タルシス、そしてフィムもふらつきながらもそれに続く。

「このままでは…終わらせま、せんわよ……!!」

ギリリ、と噛みしめた唇から、ツンと鉄の味が口の中に拡がった。



『紫電の槍よ、貫け! ヴォルテックランス!!』

手の平から発生した雷の槍が、数体の生物クリーチャーを一列に貫く。

『…流れる旋律、流れ、流れよ、流し尽くしてしまえ! ウォーターハーモニー!!』

タクトから流れる魔法物質イデアが魔力に変換され、

それが怒涛に流れる流水のごとく、生物を飲みこんでいく。


ウァァァアアあぁァァァあっぁぁぁァアアぁァァああ……!!


攻撃を重ねるごとに、生物は痛々しく悲鳴を上げる。

それに、この生物は元は自分たちと同じ人間なのだ…。
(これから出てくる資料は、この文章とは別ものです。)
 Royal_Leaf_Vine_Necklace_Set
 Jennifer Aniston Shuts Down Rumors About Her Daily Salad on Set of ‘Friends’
攻撃をする手にも思わず、抵抗が入ってしまう。

「…っ!! ……っう!!!」

リティはつらい表情を浮かべつつ、術を生物にぶつける。

彼女にとってはかつては共に過ごした『子供達』である。

それを攻撃しなくてはならないなど、一体彼女は今どんな気持ちなのだろうか。

できれば殺したくはない。だが殺さなければこちらが殺され、喰われる。

あまりにも残酷で非常としか言えぬ選択。

それはリティだけではなく、エンゼットやミューゼにとっても同じことだった。


「(シヴル…早く…早く来てくれ…っ!!)」


かつて人間だった存在を殺す、それは虐殺とも言い切れないこの瞬間。

それは彼らの想いを無視して、今もなお、続く。